EDITORIAL: Ethnic studies benefits all students

The Free Press, Mankato, Minn.
·3 min read

Mar. 29—Mankato's East and West high schools are moving in the right direction as teachers work ethnic studies classes into their future social studies curriculum.

The rest of Minnesota's public schools should be taking the same steps if they haven't already, and the state's academic standards revisions being undertaken now should include ethnic studies as required material.

Ethnic studies is the interdisciplinary study of the perspectives of historically underrepresented and disenfranchised groups. Course material typically spans from past to present, from politics to social reform.

Learning to understand people in context is key to acceptance and cooperation — important skills we all need in today's interconnected world. A global pandemic blasted our eyes wide open to the realization that we don't operate in isolation from other communities, countries, economies or each other.
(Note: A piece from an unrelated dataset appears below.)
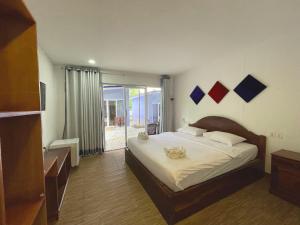 een slaapkamer met een groot bed en een glazen schuifdeur bij Scarlet Sails Resort in Koh Rong Island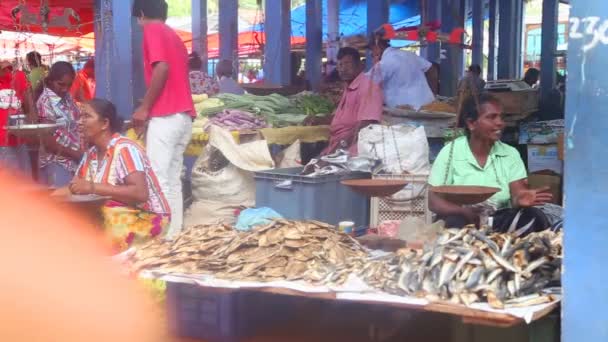 Locals selling and people passing by at Hikkaduwa market. — Stock Video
A piecemeal approach to educating young people about ethnic studies isn't an evenhanded method of making sure all Minnesota public school students graduate with a good handle on the world around them. Students at an all-white school in a tiny southern Minnesota town as well as students at a large inner-city district should all be taught the material.
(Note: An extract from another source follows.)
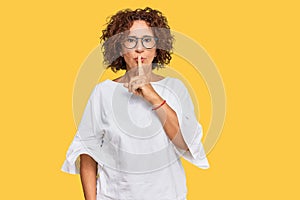 Beautiful middle age mature woman wearing casual clothes and glasses asking to be quiet with finger on lips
Revision of the social studies standards is a regularly scheduled process, but the current outcry to recognize injustices among the minority populations reminds us that education is not static. Old history books and outdated curriculum leave out a lot of voices. Revising the standards doesn't mean ignoring other important parts of history; it means adding to the depth of knowledge and presenting a more comprehensive view of history and culture.

Well-rounded lessons in Minnesota schools, of course, have to include the history and lives of Indigenous people. You shouldn't have to move to the Mankato area to learn about the history of the Dakota people and find out this city is the site of the largest mass execution in U.S. history where 38 Dakota were hanged in 1862.

Even the name of our state comes from the Minnesota River. Minnesota State University professor Gwen Westerman, author of "Mni Sota Makoce: The Land of the Dakota," said the direct translation is: "Land where the water is so clear it reflects the sky." It is the version of the Dakota name used in the Treaty of 1851.

To omit or downplay that part of history in a state richly tied to tribes who lived here before white people would be an inexcusable omission. Gov. Tim Walz's administration is right to push the state to spend more on changing how public schools teach Indigenous history and to improve the school experience for students from tribal backgrounds.

Dean Urdahl, a Republican lawmaker from central Minnesota, is a retired social studies teacher who has published historical novels about the U.S.-Dakota War of 1862. He sees room for improvement in how Minnesota schools teach Indigenous history.

"A lot of what you see doesn't get past the cowboys and Indians stage. When I taught, I tried to give, I think, a fuller picture of the culture," Urdahl said in a Star Tribune story. But students, parents, teachers and school leaders would have to be prepared to grapple with a history "that's not all roses for everybody," he said.

We don't need to paint rosy pictures for our students. We need to teach them a more complete view of where we've been, where we need to go so society functions better for more people, and give them the tools to help make that happen.